Configuring + managing `schemas` #5781

jtcohen6 · 2022-09-07T09:32:46Z

jtcohen6
Sep 7, 2022
Maintainer

A more specific version of #5099

Philosophical premise

I am less inclined nowadays to say dbt should aspire to be "Terraform for data warehouses." Rather than a fully generic and extensible framework for managing data warehouse objects, where we take the existence of those object types (tables, schemas, tasks, streams, roles, UDFs, ...) as our starting point, I think we should always take jobs-to-be-done in data as our starting point (models, sources, exposures, tests, descriptions, granting access, ...), and treat data warehouse objects as implementation details / backend mechanisms for achieving those jobs.

Ok, but we need schemas

paraphrasing from dbt-labs/dbt-bigquery#289 (comment)

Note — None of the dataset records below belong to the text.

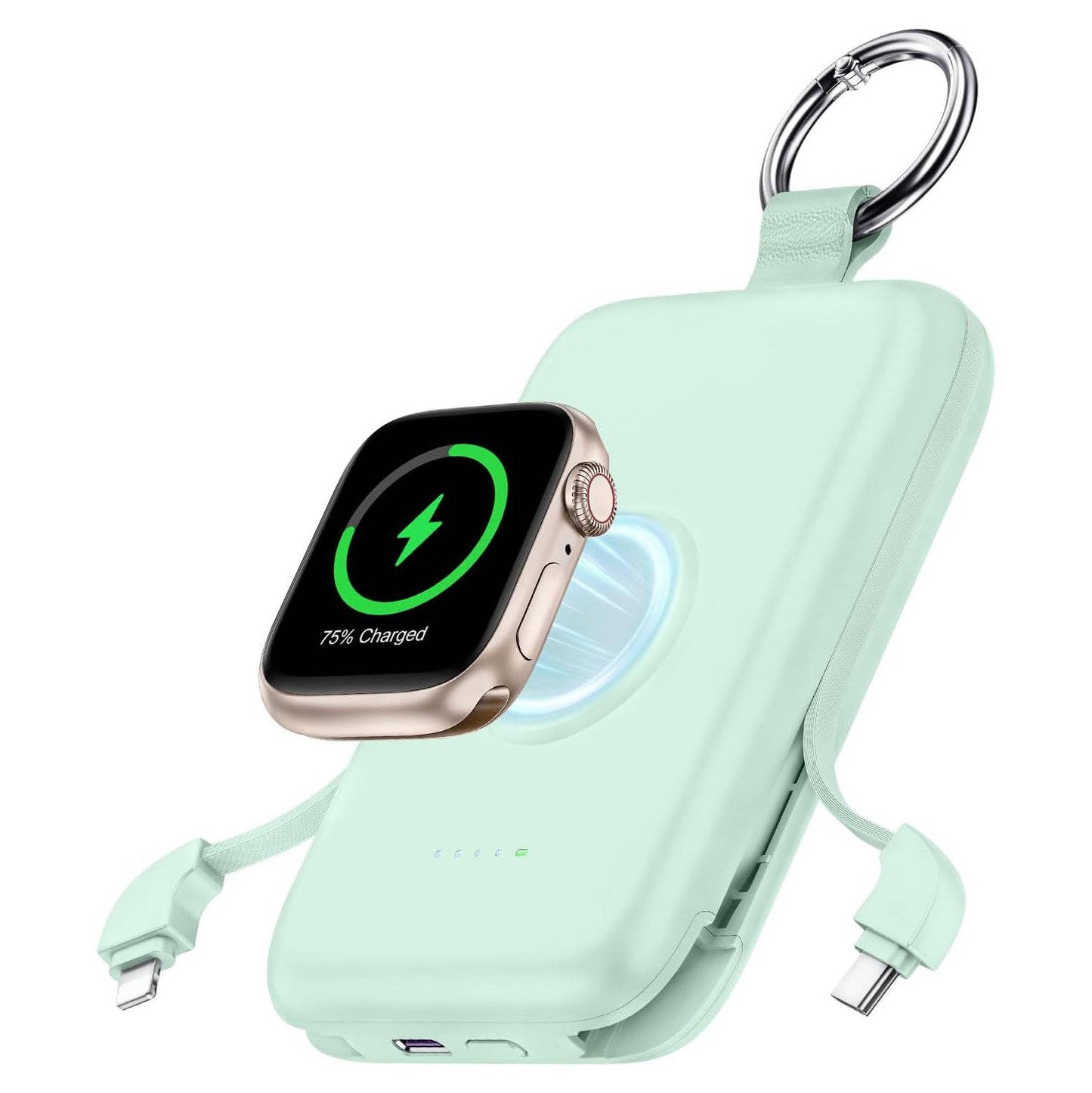 5000mAh Portable Power Bank, Compact Charger with Built In Cables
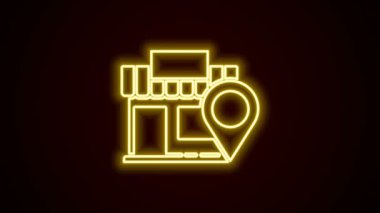 Siyah arkaplanda izole edilmiş depolama simgesiyle parlayan neon hattı konumu. 4K Video hareketli grafik canlandırması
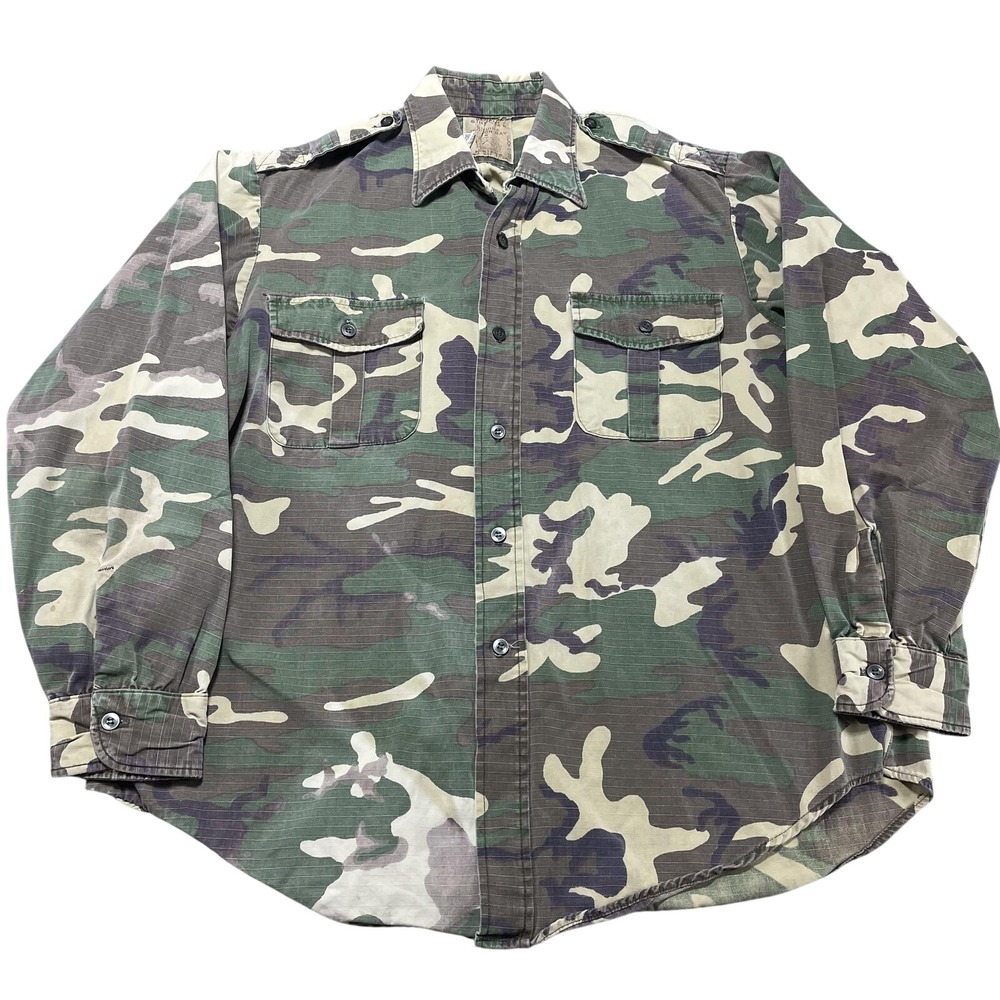 Vintage Herter's Camo Shirt Mens Large Ripstop Hunting USA Hudson Bay 70s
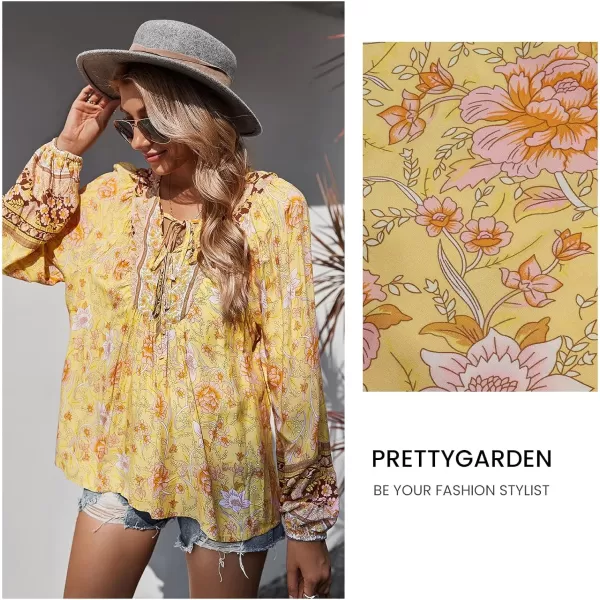 imagePRETTYGARDEN Womens Floral Ruffled Tunic Blouse Tie V Neck Casual Long Sleeve Babydoll Peplum Tops01yellow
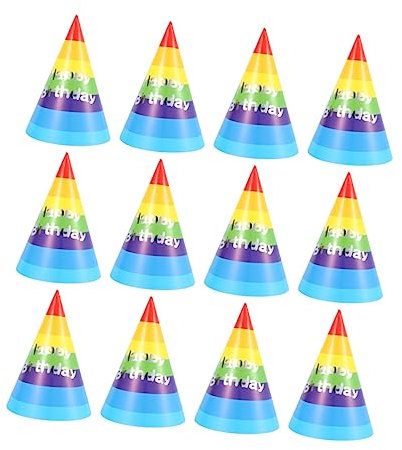 Abaodam 50stücke Junge Mädchen Geburtstagshüte Partymützen Aus Papier Regenbogen Dekor Für Geburtstagsfeier Partyhüte Für Kinderkopf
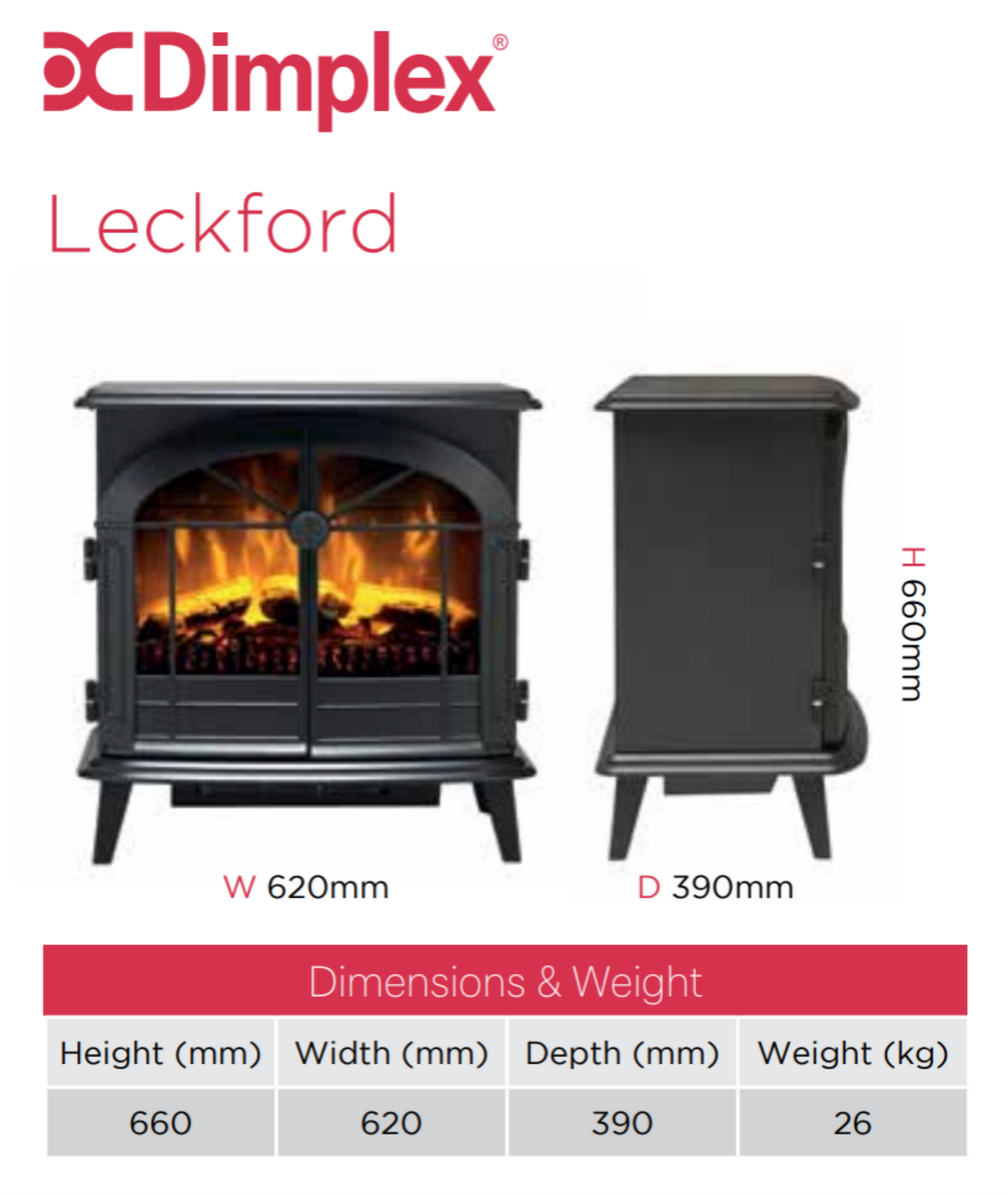 Dimplex Leckford Optiflame Electric Stove
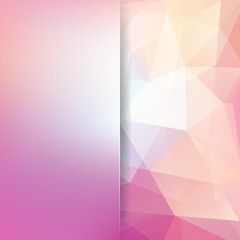 Geometric pattern, polygon triangles vector background in pink and white tones. Blur background with glass. Illustration pattern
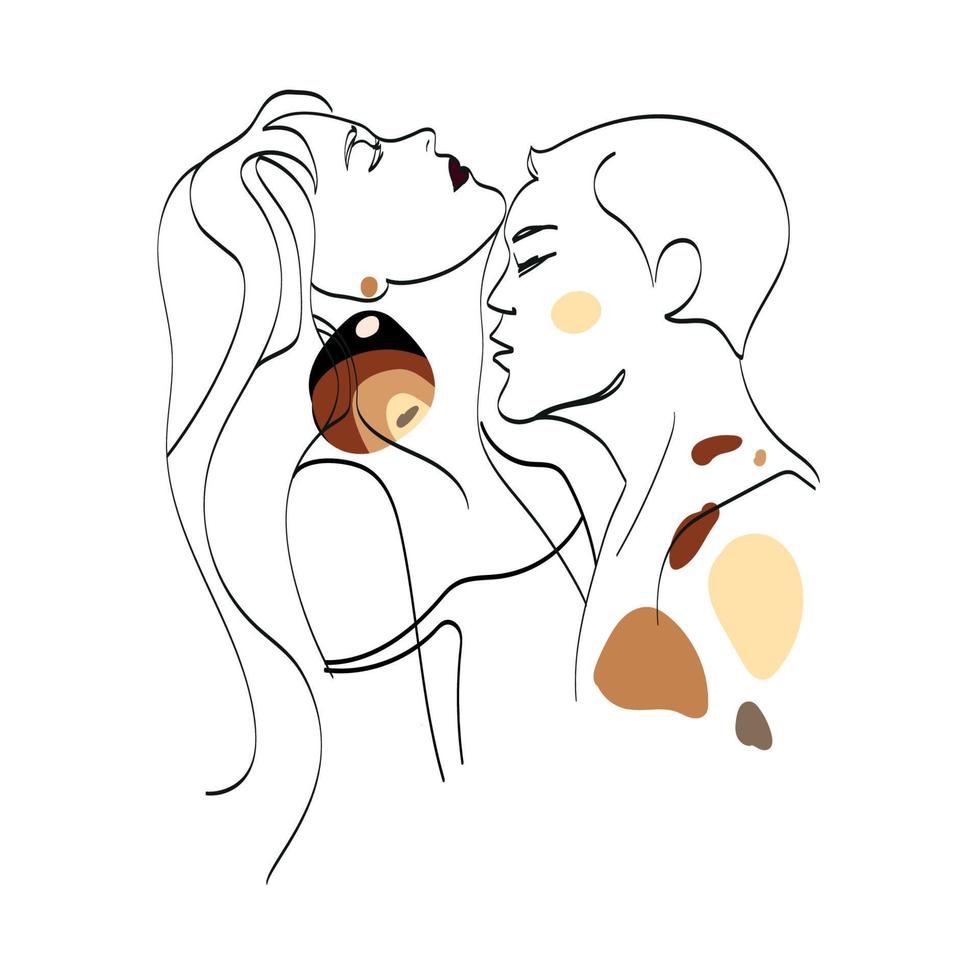 visage minimaliste dessin au trait couple homme et femme s'embrassant illustration de contour vectoriel sur fond blanc.homme et femme.un dessin au trait.affiche romantique.homme embrassant une femme dessin abstrait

We're missing a mechanism for users to truly configure schemas/datasets in dbt today. We can agree on that, without necessarily implying that dbt should first / eventually become a totally generic and extensible framework for managing all types of database objects.

dbt is already in the business of creating schemas/datasets, as soon as you define and run a model in a schema/dataset that does not yet exist:

dbt-core/core/dbt/task/run.py

Line 423 in e95e36d

self.create_schemas(adapter, required_schemas)

This has come up in the context of labels (dbt-labs/dbt-bigquery#22), persisting descriptions/comments (#1714), grants (dev blog), and managing "orphaned" objects (#4957).

# dbt_project.yml ?? I'd really prefer not to keep overloading this file though

databases: # 'projects'? 'catalogs'? what about data platforms that don't support this third level?
  - name: my_database
    schemas: # or 'datasets'
      - name: important_schema  # actual schema name? or schema config --> generate_schema_name?
        description: This is my very important schema
        persist_docs: true  # add this as a comment
        grants:
          usage: ['role_a', 'group_b', 'user_c']
        manage_action: drop # drop orphaned objects in this schema
        # adapter specific configs
        hours_to_expiration: 3 # default for all tables created in this schema
        ...

Big ideas:

When dbt runs create schema, it would take adapter-specific configs into account, persist the description as a comment, and so on.
dbt would manage grants on the schema just as it would for views/tables. If it runs create schema for the first time, it adds every grant. If the schema already exists, it runs an introspective query to figure the current grants, calculates diffs, and applies if needed.
If we add a dbt manage task (as proposed in [CT-426] [Feature] Manage full schema content with dbt by dropping tables/views not maintained in models #4957 / Feature CT-426 manage schemas #5392), it would take action to manage (warn or drop) orphaned objects in that schema

Questions:

Should dbt create logical databases if they're configured, and don't already exist? e.g. in Snowflake, where it's low-lift, versus other platforms where the third-level namespace is "real infrastructure"
Should the database + schema names be the actual database/schema names in the database? Or should they match the schema config which is passed into 'generate_schema_name', and naturally differ by environment? I lean toward the latter, though it could be tricky!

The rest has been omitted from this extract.